When $\tilde{g}(Z_k)$ is generated from clinically derived risk groupings, $\tilde{f}(A_k \mid B_k)$ does not represent a formal conditional density; instead, it can be viewed as a Plackett–Luce ranking metric, and $d_{\mathrm{KL}}(\tilde{f} \parallel f;\, t_k)$ can be interpreted as a generalized KL divergence. The accumulated KL divergence across the sequence of conditional experiments $A_1 \mid B_1, \ldots, A_K \mid B_K$ is

$D_{\mathrm{KL}}(\tilde{f} \parallel f) = \sum_{k=1}^{K} d_{\mathrm{KL}}(\tilde{f} \parallel f;\, t_k),$

which measures the discrepancy between the external risk scores and the internal Cox model. To integrate external information while accounting for potential disparities, we combine the internal log-partial likelihood with the accumulated KL divergence by constructing the penalized objective function

$\ell_{\eta}(\beta) = \ell(\beta) - \eta\, D_{\mathrm{KL}}(\tilde{f} \parallel f),$

where $\eta \ge 0$ is a tuning parameter that controls the trade-off between the internal model and the external risk scores. Setting $\eta = 0$ recovers the internal-only Cox fit, whereas larger values of $\eta$ place more weight on the external information.

Equivalent weighted form. Substituting the Cox-model expressions and noting that the unique failure times $t_1 < \cdots < t_K$ coincide with the observed internal event times, the integrated objective admits the equivalent weighted partial-likelihood form

$\ell_{\eta}(\beta) \;\propto\; \sum_{i=1}^{n} \left\{ \frac{\delta_i + \eta\, \tilde{\delta}_i}{1 + \eta}\, g(Z_i, \beta) - \delta_i \log\left[ \sum_{l=1}^{n} Y_l(T_i)\,\exp\{g(Z_l, \beta)\} \right] \right\},$

where the externally induced pseudo-event weight is defined as

$\tilde{\delta}_i = \sum_{k=1}^{K} \frac{Y_i(t_k)\,\exp\{\tilde{g}(Z_i)\}} {\sum_{j=1}^{n} Y_j(t_k)\,\exp\{\tilde{g}(Z_j)\}}.$

This representation shows that the external information enters the internal partial likelihood by augmenting each subject’s observed event indicator $\delta_i$ with a fractional pseudo-event weight $\tilde{\delta}_i$ derived from the external risk scores, with $\eta$ governing the relative contribution of the two sources.

Regularization for High-Dimensional Data

For high-dimensional applications, where the number of covariates $p$ may be large relative to the sample size $n$ , we extend the integrated objective by adding a regularization term.

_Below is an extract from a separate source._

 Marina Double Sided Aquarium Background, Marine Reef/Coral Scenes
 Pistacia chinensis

The resulting objective function enables simultaneous variable selection and parameter estimation:

$\ell_{\eta, \lambda}(\beta) = \ell_{\eta}(\beta) - \lambda\, P(\beta),$

where $P(\beta)$ is a penalty function and $\lambda \ge 0$ is a tuning parameter controlling its strength. The package supports the following choices of $P(\beta)$ :

Ridge (Hoerl and Kennard, 1970): $P(\beta) = \tfrac{1}{2}\,\|\beta\|_2^2 = \tfrac{1}{2}\sum_{j=1}^{p} \beta_j^2,$ which shrinks coefficients toward zero and stabilizes estimation under collinearity.
LASSO (Tibshirani, 1997): $P(\beta) = \|\beta\|_1 = \sum_{j=1}^{p} |\beta_j|,$ which produces sparse solutions by setting some coefficients exactly to zero.
Elastic Net (Simon et al., 2011): $P(\beta) = \alpha\,\|\beta\|_1 + \tfrac{1}{2}(1 - \alpha)\,\|\beta\|_2^2 = \sum_{j=1}^{p}\left[ \alpha\,|\beta_j| + \tfrac{1}{2}(1 - \alpha)\,\beta_j^2 \right],$ where $\alpha \in [0, 1]$ is a mixing parameter that blends the LASSO and ridge penalties; $\alpha = 1$ reduces to the LASSO and $\alpha = 0$ to ridge.

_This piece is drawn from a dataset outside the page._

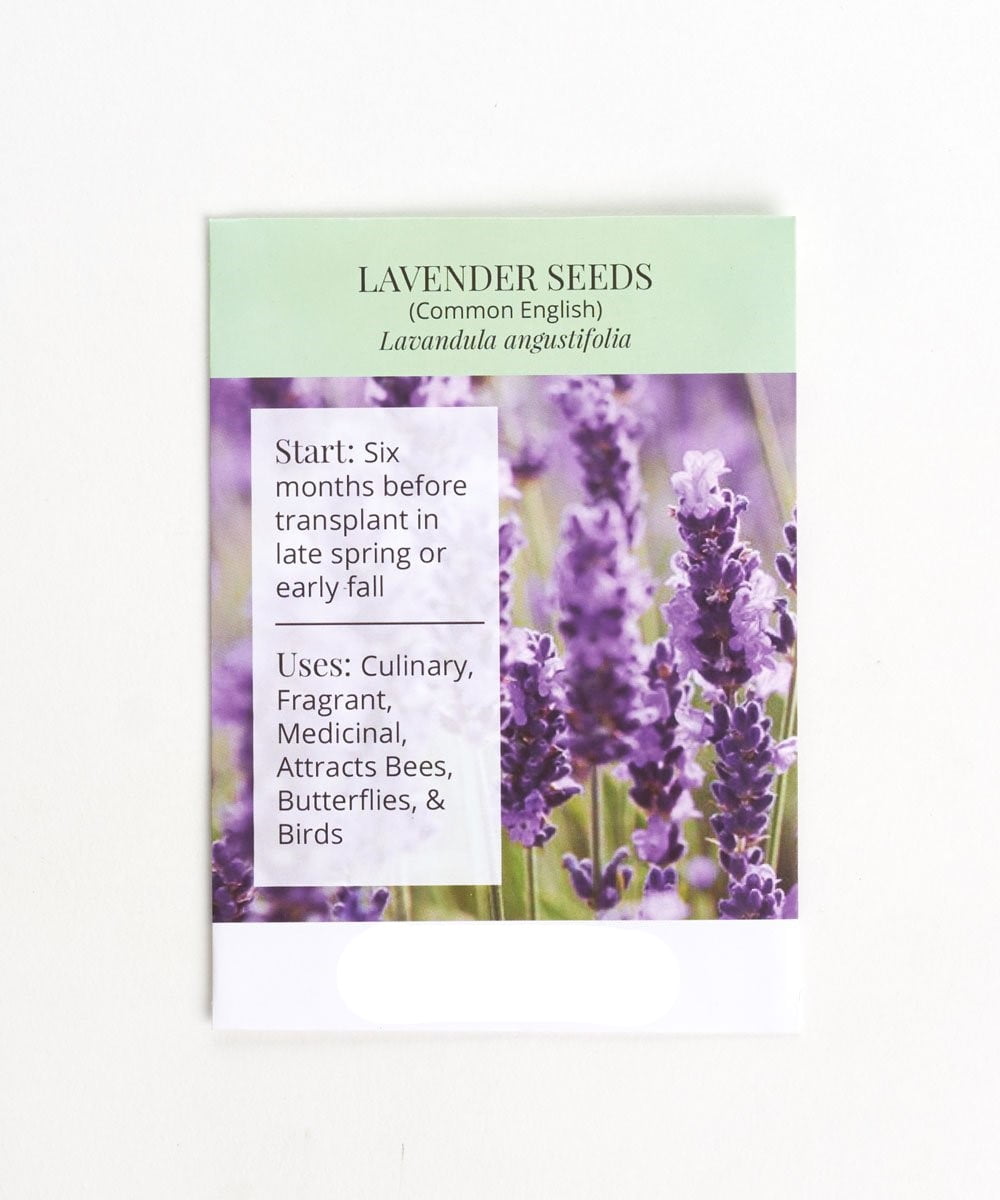 Home Botanicals Lavender Seeds Pack Of 100 Walmart Com Walmart Com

In survkl, ridge-penalized estimation is provided by coxkl_ridge, while the elastic-net family (including the LASSO as the special case $\alpha = 1$ ) is provided by coxkl_enet. The companion cross-validation routines cv.coxkl, cv.coxkl_ridge, and cv.coxkl_enet perform $K$ -fold cross-validation to select the integration weight $\eta$ and the regularization parameter $\lambda$ , using Harrell’s C-index for discrimination and the V&VH loss for overall model fit.